10/10/2023

Script pour une vidéo sur les marchands de toile

Le touriste qui découvre nos villages du Cézallier et de l’Artense est interpellé par l’architecture imposante ou originale de certaines maisons qui  tranchent sur l’aspect traditionnel du bâti local. 

Cette question, Gérard Fandard, le créateur de l’Association "La mémoire des marchands de toile", se l’est posée en s’installant à Égliseneuve d’Entraigues. 
Ce sont les maisons de marchands de toile, une catégorie particulière de commerçants itinérants : elles témoignent de la réussite de ces migrants qui, dès la seconde moitié du 19ème siècle, fuyant la pauvreté et la rigueur du climat, sont partis sillonnés la France, certains l’Algérie, pour vendre de la toile, plus tard tout le linge de maison,  en voiture à cheval, la maringote, puis dès les années 1930, en automobile.

Cette réussite a attiré beaucoup de jeunes du pays et ont pu susciter des critiques… Ce sont créées de véritables lignées de marchands de toile.
Leur force : savoir « faire l’article » aux clients qu’ils prospectaient ; les fidéliser en s’attirant leur confiance car les marchands peu scrupuleux, les « leveurs », ont été éliminés au fil des réglementations et de la professionnalisation du métier. Autre atout : la vente à « tempérament » pratiquée avant la généralisation du crédit à la consommation.

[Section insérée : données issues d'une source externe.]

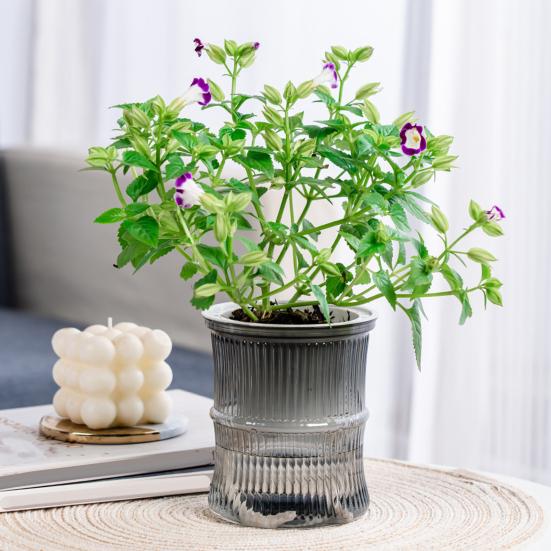 Самополивающийся кашпо для цветов с резервуаром, дренажными отверстиями, прозрачным бамбуковым дизайном, горшок для растений для африканской фиалки, суккулентов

Les marchands de toile, héritiers du monde de la campagne, étaient individualistes de nature et solidaires par nécessité. Ils ont su pourtant s’organiser pour défendre leur profession  en créant des syndicats locaux dès les années 1920 puis une fédération nationale, se regrouper en centrale d’achat pour bénéficier de tarifs préférentiels et garantis (Centrachat).
L’âge d’or des marchands de toile, assimilés à tort à l’origine à de vulgaires marchands ambulants  ou forains, se situe dans les années 1920-1939 (plus de 3500 sont enregistrés), puis dans les années 1950-1970 (plus de 1000 adhérents à la Fédération nationale dotée d’un périodique Reflets d’Auvergne devenue Négoce Avenir).

Au centre d’un véritable éco-systéme  qui relie la filière textile française aux consommateurs en associant intermédiaires, représentants, et l’économie locale de la « Terre sainte où ils conservent leurs attaches et retournent fréquemment. Ces commerçants, devenus des négociants voyageurs, rencontrent chaque année  fin juillet à la Foire de Bort-les-Orgues les fabricants.  Un courant d’affaires  entre fournisseurs et marchands de toile  parcourait le  pays tout l’été.

Les négociants voyageurs tutoyaient la politique : d’abord avec Georges Pompidou, dont le grand-père Étienne Chavagnac était un des leurs ; plus tard Roger Besse, le dynamique président de la Fédération nationale, deviendra sénateur et président du conseil général du Cantal. Jacques Chirac, Valéry Giscard d’Estaing, qui connaissaient bien les problématiques de la profession, ont été réceptifs à ses démarches.
Pour faire connaître et reconnaître les marchands de toile, une association a vu le jour en 2015 à l’initiative de Gérard Fandard, à la fois centre de ressources et organisatrice d’évènements et d’expositions à Égliseneuve d’Entraigues.